Littérature québécoise


Harvey, Pauline.

L'Enfance d'un lac. Éd. Herbes rouges, 2012. 170 p.

Les Amitiés d'enfance

À Sainte-Colombe situé près du lac Biac (lieu fictif) vit la famille de Pauline Harvey. On peut imaginer que c'est une ville du lac Saint-Jean, voire Alma où est née l'auteure. Son roman nous transporte à la fin des années1950 alors que les libéraux dirigés par Jean Lesage se préparent à déloger l'Union Nationale, au pouvoir depuis 16 ans.

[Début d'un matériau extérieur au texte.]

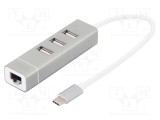 Hub USB 2.0 DIGITUS cu 3 porturi USB A, 1 port RJ45 și USB C, gri, PnP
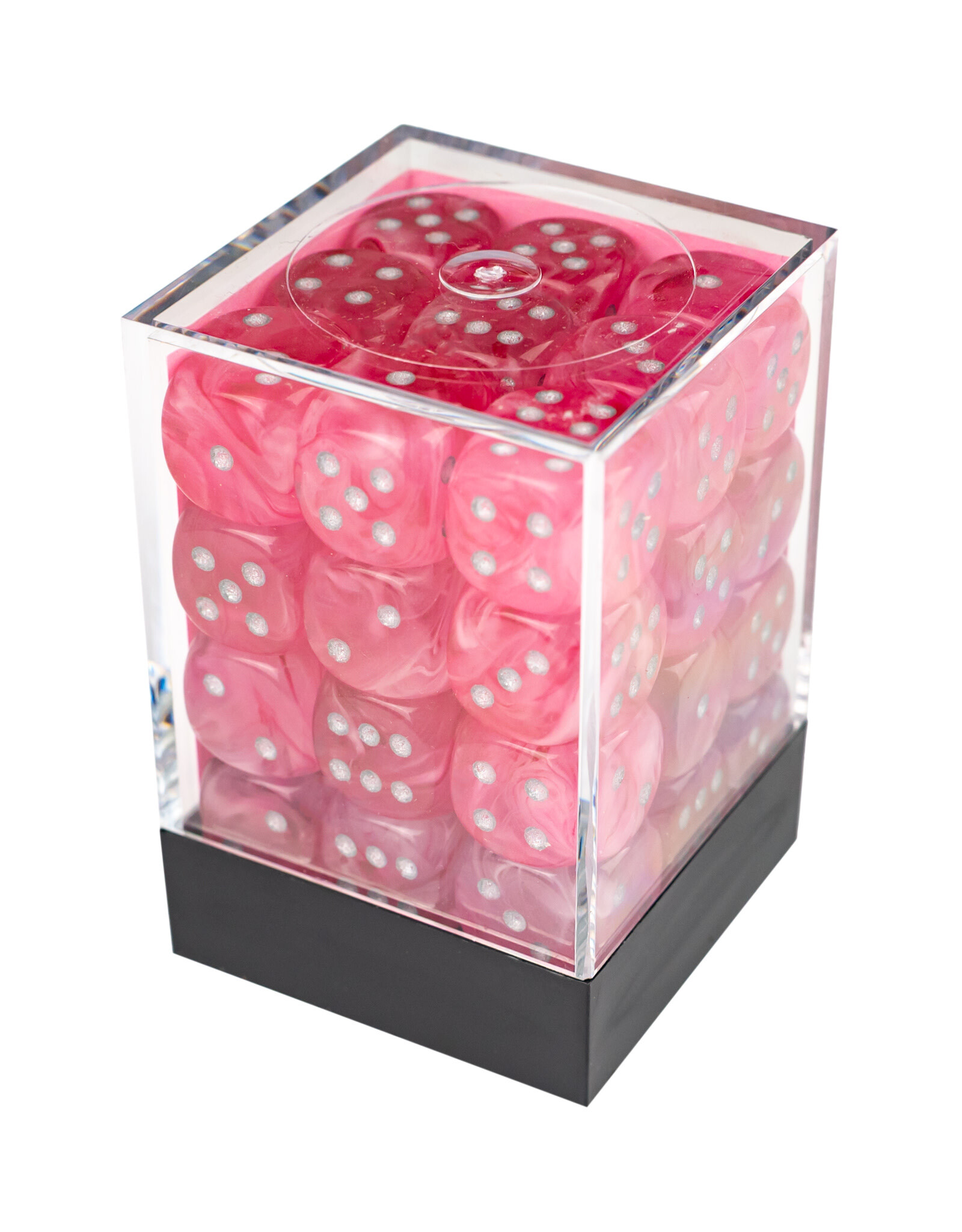 Chessex Ghostly Glow Pink/Silver 12mm d6 Dice Block (36 dice)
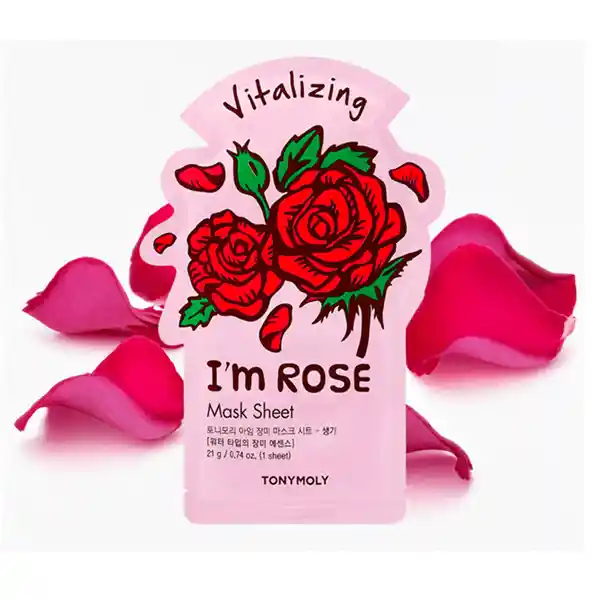 Mascarilla Facial Hidratante Tony Moly I'm Rose 21gr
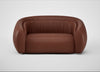 Flora 2 Seater Sofa Leather Grain Dark Brown 068
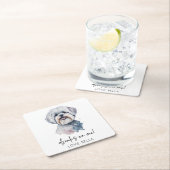 Drink op mij! Maltese hond huisdier bruiloft Kartonnen Onderzetters (Insitu)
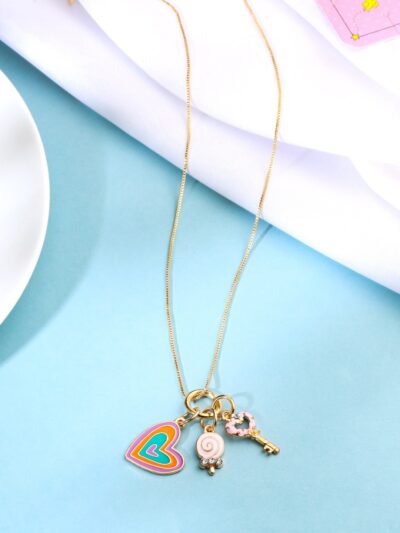 Gold-Plated Stone-Studded Pendant With Chain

La politique divise cette famille. Son oncle, député unioniste, est battu en 1960 par le candidat du Parti libéral pour lequel ont voté les parents de la petite Pauline. Déchirement pour la fillette, qui est menacée de perdre sa meilleure amie en la personne d'Ethel, la fille du député déchu. " Les conservateurs avec les conservateurs et les libéraux avec les libéraux ", lui dit-il en la chassant de chez lui.

Les amitiés sont importantes pour la petite héroïne. Son cousin, sa sœur Lenny et sa cousine Ethel forment le socle de son développement. Le garçon lui apprend à se défendre, et les filles lui enseignent à se reconnaître dans les sentiments qui la hantent. Avec ces jeunes maîtres, elle chemine vers les années 1960. Elle enrichit sa compréhension du monde par des lectures. La Comtesse de Ségur l'éclaire sur les malheurs inhérents à l'existence d'une fillette. Encouragée par son père, elle peaufine sa formation avec la poésie de Lamartine. Il l'initie à la douceur de vivre sur le rivage de son lac Biac. Le temps ne s'arrête pas pour autant. Baudelaire, le poète maudit, fait son apparition à l'adolescence alors qu'elle lorgne les garçons, tous autant interpellés par la mode de la mini-jupe que par le verbe souverainiste de Pierre Bourgault.

Cette initiation compose le cœur de ce roman sur une enfance vécue au bord d’un lac qui pousse l’héroïne vers un aval littéraire. La naissance de sa vocation est racontée avec une plume poétique comme l’exige le contexte. Le lecteur suivra-t-il l’auteure ? Naviguant entre les introspections et les événements, il risque de s’ennuyer en parcourant ce roman sur l’histoire d’une âme à l’aube de la Révolution tranquille. Par contre, « les beaux esprits », disait Voltaire, jouiront de cette œuvre tout en finesse.